Por el contrario, es el espacio en donde precisamente se construye la
comunicación política como medio de confrontación entre dos o más partes
(partidos).
La centralidad
supone restaurar la palabra polémica como medio de confrontación en un marco
signado por múltiples antagonismos. En ese sentido, y aunque parezca
paradójico, la centralidad puede llegar a ser muy radical. A diferencias de la
posición extrema, de por sí maniquea, la centralidad impone activar los
dispositivos de la reflexión en función de una polémica persistente en contra
de ambos extremos.
Para volver al
ejemplo anterior, si hablamos de una persona descentrada, es porque la
instancia del Yo ha sido sobrepasada por fuerzas que vienen del mundo de las
pasiones lo que obliga a esa persona a mantener a raya el acoso pasional
movilizando a un Sobre-Yo moral, religioso o ideológico. Es por eso que Freud se refería al Sobre-Yo
no como a “otro Yo”, sino como a un Yo rígido, represivo y en algunos casos
dictatorial.
Las analogías que
hacía Freud entre el por él llamado “aparato psíquico” y la práctica política
son evidentes. En el mundo de la
política, no el Yo, sino un Nosotros deliberativo suele sucumbir bajo la
dictadura implacable de un Sobre- Nosotros hiper-ideológico organizado en la
instancia máxima del poder: el Estado.
Cada dictadura o
régimen autoritario puede ser entonces concebido como representación de una
“sobre-nosotridad”, es decir, como un proyecto destinado a clausurar el embate
de las pasiones pero también el espacio de la reflexión colectiva. Y ese
espacio no es otro sino el de la política socialmente articulada.
No obstante, a
diferencia de las alteraciones psíquicas en las cuales tiene lugar una relación
antagónica entre el mundo de las pasiones y el Sobre-Yo moral, en las
alteraciones políticas caracterizadas por la existencia de regímenes
autoritarios tiene lugar una alianza
entre el poder sobre-nosótrico con las pasiones más irracionales que
provienen desde un orden social desarticulado.
La tarea del
nosotros-democrático (centralidad política) no puede ser otra sino batirse en
contra de dos irracionalidades: la que viene del poder establecido y la que
proviene de las pasiones desbocadas incluyendo las de aquellos que, aún siendo
declarados enemigos de una dictadura, han incorporado a su discurso la lógica del discurso dictatorial.
En verdad, no hay
nada más incómodo en los procesos históricos que llevan a la recuperación de la
democracia que situarse en una posición centrista. Sin embargo, es la única
opción política. Es por eso que los grandes políticos de la historia han sido
en su gran mayoría, centristas. Entre otros, Gandhi, Havel, Walesa, Mandela.

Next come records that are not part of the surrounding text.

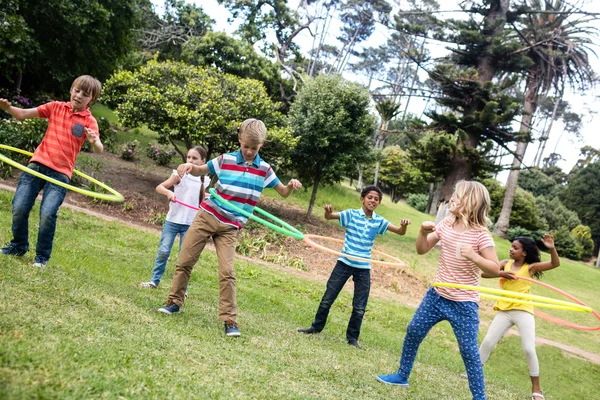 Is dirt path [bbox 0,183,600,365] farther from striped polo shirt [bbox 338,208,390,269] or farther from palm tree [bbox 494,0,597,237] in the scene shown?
palm tree [bbox 494,0,597,237]

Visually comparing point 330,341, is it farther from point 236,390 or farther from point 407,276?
point 407,276

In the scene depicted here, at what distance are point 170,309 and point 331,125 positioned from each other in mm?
11273

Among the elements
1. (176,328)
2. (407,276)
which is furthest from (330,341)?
(407,276)

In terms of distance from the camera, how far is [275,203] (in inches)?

Los cuatro fueron perseguidos por el poder establecido. Los cuatro, al comienzo
de sus luchas, estuvieron aislados de las grandes masas. Los cuatro fueron
furiosamente atacados por los extremistas, sobre todo por los que actuaban en
sus propias filas.
Digamos ahora lo
mismo pero de un modo más taxativo. Sin centralidad no hay política. La
centralidad en la política es la política.
Recuperar la
centralidad significa recuperar el sentido deliberativo y dialogante de la
política. Así entendemos por qué Hannah Arendt afirmó que el sentido de la
política es la lucha por la libertad. Si seguimos esa premisa, podremos
entender por qué la relación semántica entre los conceptos liberación y
de-liberación no es puramente casual. La deliberación es la liberación de la política por medio de las palabras bien pensadas.
La libertad llega
siempre por el centro (el lugar de la de-liberación), jamás por los extremos.